Mrs. Barnes blames their plight on a lack of the kind of motivation men like Dr. King used to provide -- and a lack of the sense of urgency blacks used to possess when fighting for equality.
And the mayor says those who should be motivating today's black youths -- teachers, neighbors and family members -- are failing.
"My teachers were absolutely special. Every student, every individual, they knew what you were capable of doing, and they made sure you performed at that level. They wouldn't let you just get by, they pushed you to your limit. We don't have that now. We have lost that," he said. "We used to have kids who would have gone astray had we not had strong teachers and strong parents. In those days, if an adult saw me doing something wrong ... they were going to tell my mother and I was going to get killed when I got home.

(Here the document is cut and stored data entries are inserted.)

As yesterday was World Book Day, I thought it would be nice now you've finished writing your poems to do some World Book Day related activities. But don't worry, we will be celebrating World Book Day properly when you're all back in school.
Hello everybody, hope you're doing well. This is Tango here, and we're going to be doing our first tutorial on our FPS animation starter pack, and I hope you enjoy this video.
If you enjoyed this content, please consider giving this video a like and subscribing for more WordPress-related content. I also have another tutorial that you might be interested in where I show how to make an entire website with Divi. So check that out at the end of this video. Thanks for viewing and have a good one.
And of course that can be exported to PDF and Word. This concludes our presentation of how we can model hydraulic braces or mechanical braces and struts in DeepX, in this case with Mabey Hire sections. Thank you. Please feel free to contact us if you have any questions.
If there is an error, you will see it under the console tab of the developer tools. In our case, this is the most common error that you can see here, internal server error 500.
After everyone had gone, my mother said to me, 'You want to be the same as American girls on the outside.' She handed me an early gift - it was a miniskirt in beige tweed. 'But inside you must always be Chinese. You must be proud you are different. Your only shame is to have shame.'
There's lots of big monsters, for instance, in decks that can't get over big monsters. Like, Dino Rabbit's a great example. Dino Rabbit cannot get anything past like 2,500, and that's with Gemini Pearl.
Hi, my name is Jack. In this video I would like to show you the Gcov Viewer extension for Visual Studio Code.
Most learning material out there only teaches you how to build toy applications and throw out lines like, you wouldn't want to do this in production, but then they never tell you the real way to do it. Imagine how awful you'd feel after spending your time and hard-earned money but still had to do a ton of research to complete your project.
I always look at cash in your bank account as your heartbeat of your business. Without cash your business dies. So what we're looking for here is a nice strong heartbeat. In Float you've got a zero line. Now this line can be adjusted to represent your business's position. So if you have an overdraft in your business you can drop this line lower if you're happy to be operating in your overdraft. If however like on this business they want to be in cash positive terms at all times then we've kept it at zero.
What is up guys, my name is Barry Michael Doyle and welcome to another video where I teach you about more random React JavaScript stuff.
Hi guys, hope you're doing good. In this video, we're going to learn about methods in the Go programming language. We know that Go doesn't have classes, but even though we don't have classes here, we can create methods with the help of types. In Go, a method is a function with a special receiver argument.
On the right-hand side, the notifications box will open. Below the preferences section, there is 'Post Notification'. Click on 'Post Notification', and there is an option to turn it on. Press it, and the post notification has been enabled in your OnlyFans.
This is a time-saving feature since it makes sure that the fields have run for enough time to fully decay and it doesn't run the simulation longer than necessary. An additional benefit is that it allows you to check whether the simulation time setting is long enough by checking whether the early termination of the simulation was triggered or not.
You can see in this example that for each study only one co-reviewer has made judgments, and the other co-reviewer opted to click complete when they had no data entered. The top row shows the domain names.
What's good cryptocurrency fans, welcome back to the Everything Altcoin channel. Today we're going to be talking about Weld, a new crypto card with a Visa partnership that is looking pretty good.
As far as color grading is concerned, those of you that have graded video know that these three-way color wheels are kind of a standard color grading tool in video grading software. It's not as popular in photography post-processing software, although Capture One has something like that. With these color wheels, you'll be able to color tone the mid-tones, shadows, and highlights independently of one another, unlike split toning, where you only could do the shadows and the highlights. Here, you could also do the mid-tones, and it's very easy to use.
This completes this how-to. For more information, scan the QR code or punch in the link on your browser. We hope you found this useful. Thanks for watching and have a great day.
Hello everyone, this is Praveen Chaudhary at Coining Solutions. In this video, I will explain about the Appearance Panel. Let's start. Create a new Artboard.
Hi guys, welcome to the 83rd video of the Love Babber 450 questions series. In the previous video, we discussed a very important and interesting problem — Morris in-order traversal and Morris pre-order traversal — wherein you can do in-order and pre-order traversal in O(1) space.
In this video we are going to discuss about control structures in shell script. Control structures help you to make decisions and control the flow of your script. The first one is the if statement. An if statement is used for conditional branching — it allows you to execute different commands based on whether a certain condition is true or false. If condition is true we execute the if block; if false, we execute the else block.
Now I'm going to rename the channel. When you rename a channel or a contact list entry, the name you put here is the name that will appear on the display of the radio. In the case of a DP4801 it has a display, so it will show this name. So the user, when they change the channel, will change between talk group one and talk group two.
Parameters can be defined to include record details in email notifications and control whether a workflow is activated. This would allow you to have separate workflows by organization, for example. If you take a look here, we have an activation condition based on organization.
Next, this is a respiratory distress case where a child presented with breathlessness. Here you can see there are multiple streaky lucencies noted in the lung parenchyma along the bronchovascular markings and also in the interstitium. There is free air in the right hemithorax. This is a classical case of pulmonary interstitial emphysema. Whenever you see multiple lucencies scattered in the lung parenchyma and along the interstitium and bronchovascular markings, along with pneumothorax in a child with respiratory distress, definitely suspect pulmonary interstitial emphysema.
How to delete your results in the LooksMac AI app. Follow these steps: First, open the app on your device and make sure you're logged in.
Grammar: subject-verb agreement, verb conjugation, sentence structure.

"And if your teacher had to contact your parents to tell them you hadn't done your homework or you had done something wrong, forget about it. Your life was over. You were forced to do what you could to succeed in school because the teacher was powerful. I would have been dead if I said to my teacher half the things these kids used to say to my wife in the classroom."
Mrs. Barnes, and her contemporaries at the NAACP, agree with the mayor on many levels.
"I think that one of the things that we have to look at and want is neighborhoods that are cleaned up. We have to motivate people to get off drugs and stop going into people's homes. You have to motivate people to the point where they say, 'I can be what I want. I don't have to rob somebody. I don't have to go in and take from people who are working,'" Mrs. Barnes said. "Taking those young people and trying to help them understand what their lives could be like, that's doing something."
And that, she said, is the modern day step that must be taken to continue the pursuit of Dr. King's dream.
"It is incumbent upon us to make sure we keep saying to people, 'You can be what you want to be,'" she said.
The mayor agrees.
But in his mind, pointing out, to black youths, that the country has its first black president -- and the city, its first black mayor -- is not enough.
Those elections, he said, were not simply lessons in barriers broken. They should be used to motivate a new generation to look at their neighbors for who they are, not where they came from.
"It wasn't black people who elected Obama. He got a lot of black support, a lot of black support from people who didn't normally vote, but it wasn't black people. It was young people of all races. That's the future. That's the direction we're headed in," he said. "You know, in Vietnam, we didn't think, 'Well what color is the person trying to help me live?' You did not care. All you cared about was whether that person was capable enough to do their job and to have your back. ... And one day, this country is going to look at every person in the same way. Can they help this country succeed? If the answer is yes, race and religion, it won't matter."